Although the mean salary is $10.65 million, the median salary is only $5.89 million. The most elite players in the league are few in relation to the league as whole, but get paid huge in comparison to their role player counterparts, which causes the data to be skewed to the right.
LeBackground
Signings in free agency have critical impacts on the fortunes of a franchise, whether it be good or bad. Golden State’s $54.3 million dollar contract acquisition of Kevin Durant in 2016 was a massive signing that forged a near unbeatable superteam, winning the NBA championship in 2016 and 2017 and solidifying a dynasty for several years. In today’s NBA, teams have found that having a star-studded roster with multiple high value-contract players is crucial for title contention. However, signing poor contracts that overpay players can set a franchise back, so teams need to invest their valuable cap-space wisely.
The NBA salary cap is complicated with many intricacies and exceptions that allow teams to exceed the cap in order to strategize with both retention of their current roster and acquisition of new talent. Namely, the Bird Rights exception enables teams to exceed their salary cap in order to re-sign their own free agents. Moreover, the salary cap has exploded in recent years from $109 million in the 2020-21 season to $136 million this 2023-24 season, putting more of the league’s income into the pockets of the players.

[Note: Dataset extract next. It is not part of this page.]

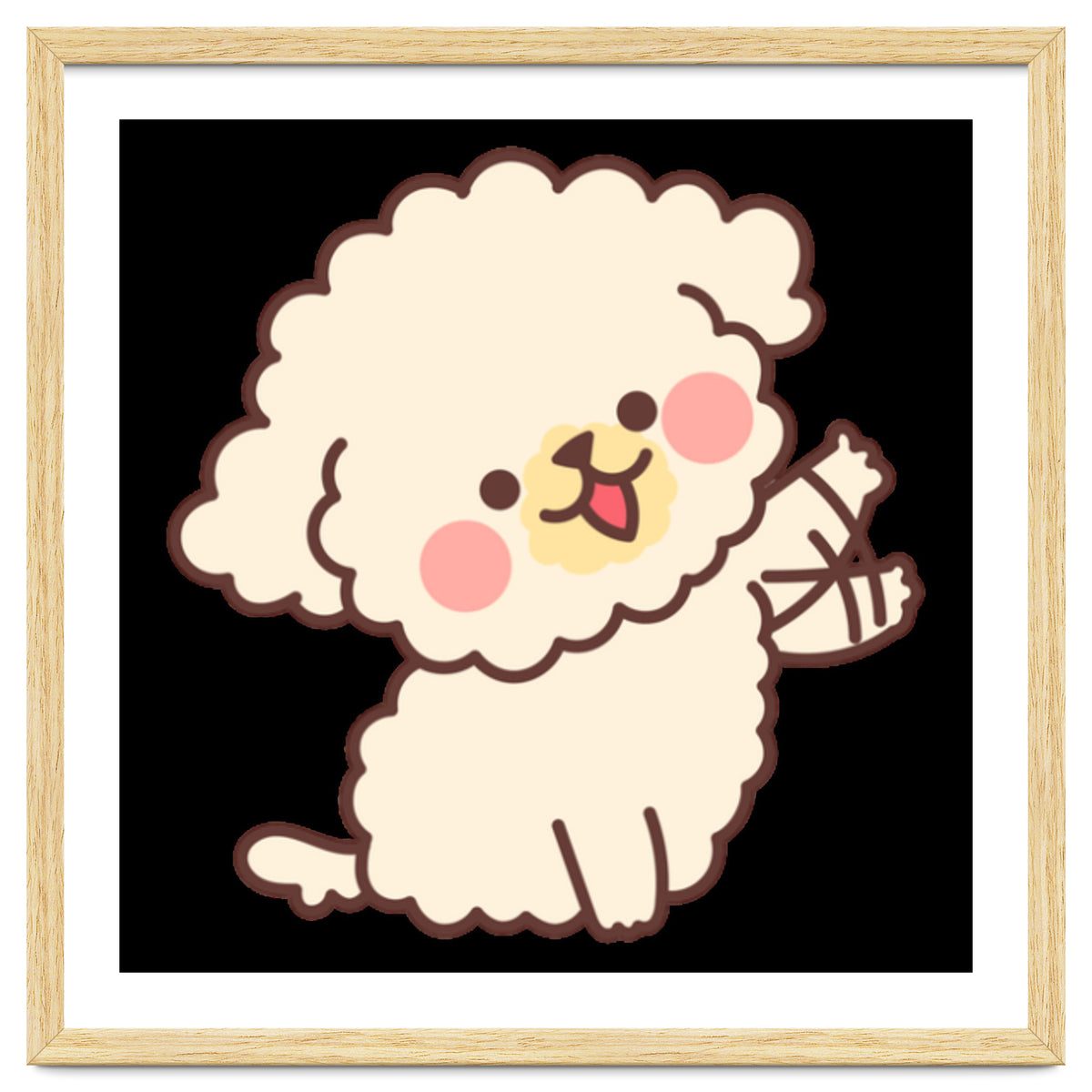 Cute Dog Happily Waving His Paw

Salary cap exceptions and the increase of money in the player market has led franchises to pay top dollar for the most valuable and sought after players in the league. Despite a salary cap of $123 million in the 2022-2023 season, all teams aside from San Antonio exceeded that cap. This past season, the Clippers had a salary expenditure of $192 million, the highest out of the league’s 30 teams. They spent a sizable amount of caps-pace on superstars: Kawhi Leonard, Paul George, and Russell Westbrook, and they continued this trend this November with the acquisition of James Harden. But is splurging on an all-star lineup really worth it in terms of title contention?
Team Salary Analysis
It turns out money talks– to some extent. Last year, 14 of the top 17 teams with the most expensive rosters made it to the first round of the playoffs, along with Sacramento and Memphis being both first round exits with the 23rd and 26th most expensive rosters respectively. Generally speaking, the teams that paid more performed better, and with large differences in salary expenditures between teams, it looks like the less expensive rosters have a hard time faring against the more expensive ones.
The LA Clippers’ roster cost is almost double that of the San Antonio Spurs’. High paying teams greatly contribute to the total salaries in the league at a shot for contention in the championship.

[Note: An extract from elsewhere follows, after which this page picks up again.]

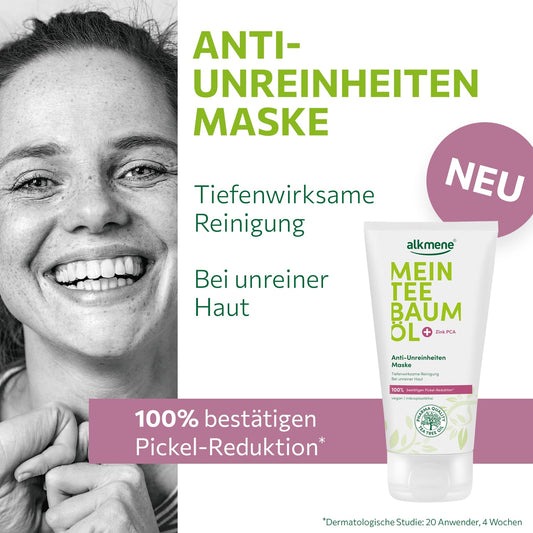 Alkmene 3X Teebaumöl Maske Gegen Pickel, Mitesser & Unreinheiten Vegan 75 Ml - 100% Bestätigen Pickel Reduktion - Gesichtsmaske Männer & Frauen, Gesichtsmaske Mitesser Maske Männer, anti Pickel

However, the Denver Nuggets– who held a commanding lead over the Western Conference last year and were crowned NBA champions– had the 8th most expensive roster. They were tailed by the aforementioned Memphis Grizzlies and Sacramento Kings last year who respectively finished second and third in the Western Conference with relatively cheap rosters. Moreover, the Miami Heat faced the Nuggets in the playoff finals with the 13th most expensive salary. A lot of teams outperformed what was to be expected of them based on salary– so where did some rosters miss out on value, and where did successful teams find theirs?

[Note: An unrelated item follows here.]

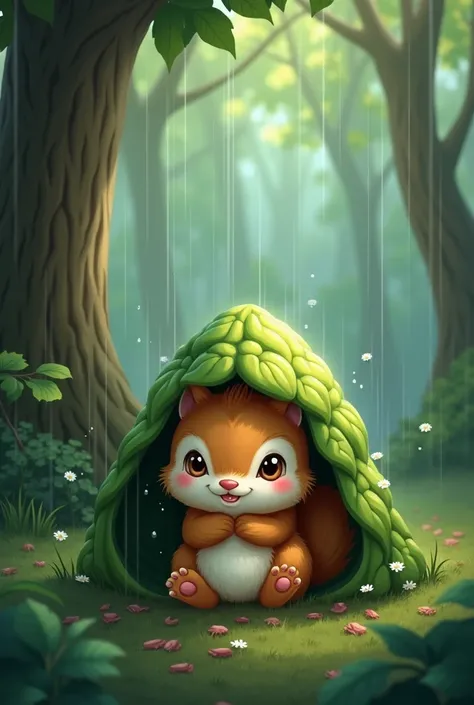 an image of a cute animal in the forest, with a lot of rain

ML Linear Regression Model
A linear regression machine learning model was created to answer these questions about NBA salaries and player performance: what stats are most pertinent in determining a player’s salary? Which players were getting overpaid for their performance last year and which players deserved every penny and more?
Linear regression is a statistical method used to model the relationship between a dependent variable and one or more independent variables by fitting a linear equation to the observed data. In the context of predicting NBA player salaries, the linear regression model creates a function that takes certain stats from a player, and returns a prediction of that player’s salary based on the stats. The model creates this relation by being “trained” on the observed data, where it finds a best-fit equation for predicting player salaries based on stats by minimizing the mean squared error, or the average squared distance between its predicted salaries and players’ actual salaries.
Data Collection and Cleaning
Using BeautifulSoup’s HTML parser, player salary data for the 2022-23 season was scraped from HoopsHype, and both per game stats and advanced stats for NBA players were scraped from basketball-reference.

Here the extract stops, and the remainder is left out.